Treasury Wine Estates Ltd (TWE) has just announced its interim 2017 financial result, more than doubling both its Reported Net Profit After Tax (NPAT) at $136.2 million, and its Earnings Per Share (EPS) at 18.5 cents per share, from the previous corresponding period.
The Company also reported an increase on Earnings Before Interest, Tax, SGARA and material items (EBITS) of $226.8m, up 58.8 per cent on a reported currency basis.
TWE reported its EBITS margin accretion up by 4.3ppts to 17.5 per cent in 1H17, and up 2.5ppts relative to TWE’s F163 EBITS margin of 15 per cent, which included 6 months of the Diageo Wine contribution.
The Company acquired the Diageo Wine business on January 1 last year, looking to secure increased access to Luxury and Masstige fruit, and hence deliver immediate portfolio mix benefits for TWE’s US business. The acquisition has proved fruitful, as reflected in TWE’s America’s EBITS growth of 75 5.4 per cent to $90.7m and an EBITS margin of 16.0 per cent.
In Australia & New Zealand alone, the Company a 13.2 per cent EBITS growth to $53.1m and an EBITS margin of 16.4 per cent, driven by above-category volume growth in Australia, marketing and in-store activation, strengthened customer partnerships and a low cost culture.
The Board declared a positive interim dividend result for TWE shareholders of 13.0 cents per share; representing a 5 cent per share increase and a 64 per cent payout ratio.

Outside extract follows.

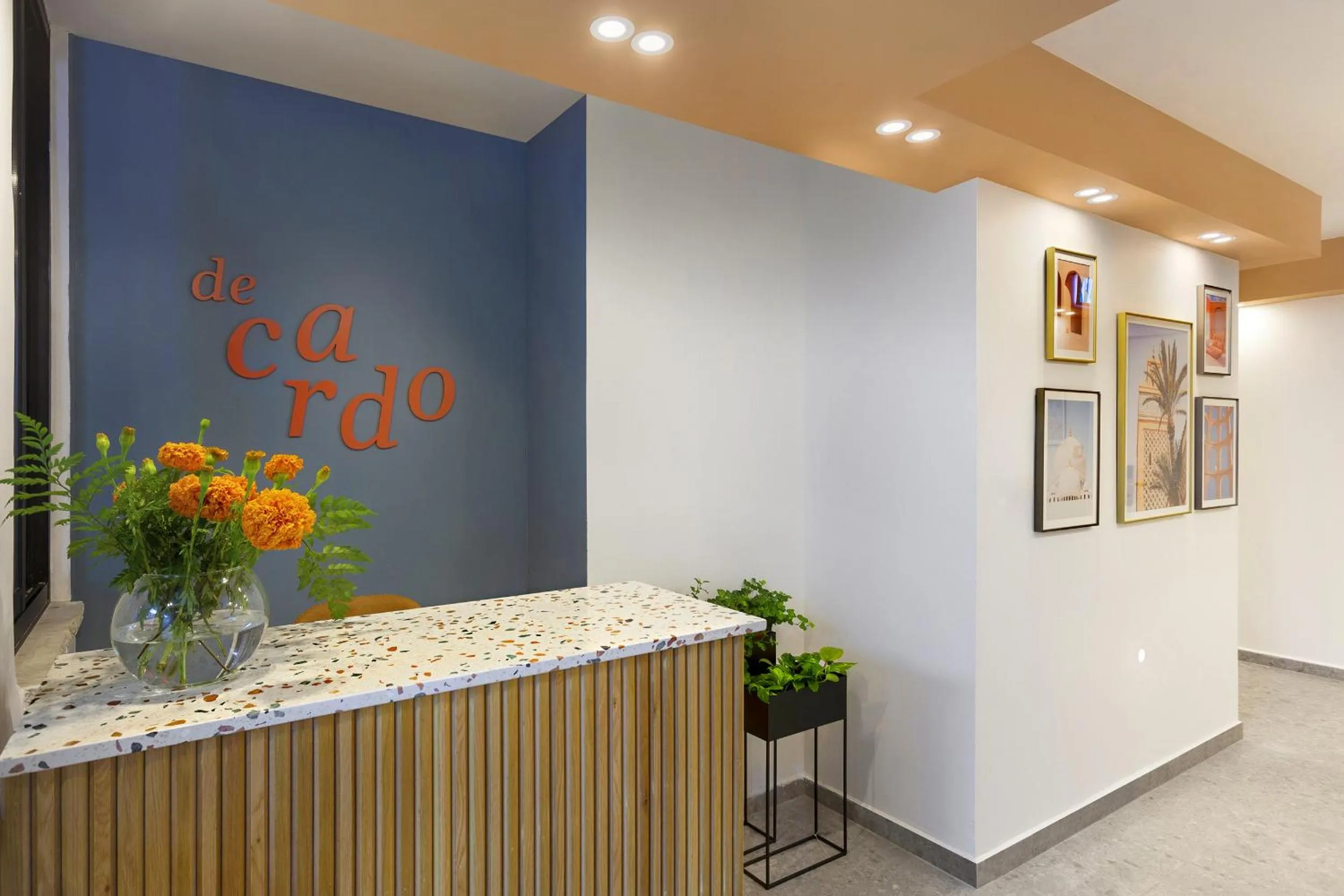 Property logo or sign in De Cardo Boutique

TWE’s Chief Executive Officer Michael Clarke commented, “I am delighted to report a strong interim 2017 financial result highlighted by further margin accretion, excellent cash conversion and outstanding EPS growth, despite the higher share base. All regions delivered double digit EBITS growth and importantly, growth was delivered sustainably”.
TWE expects 2H17 to be broadly in line with 1H17, absent of any significant fluctuations in foreign exchange rates.
By F18, TWE expects to deliver a high-teens EBITS margin and an enhanced value to its shareholders through its improved Returns On Capital Employed.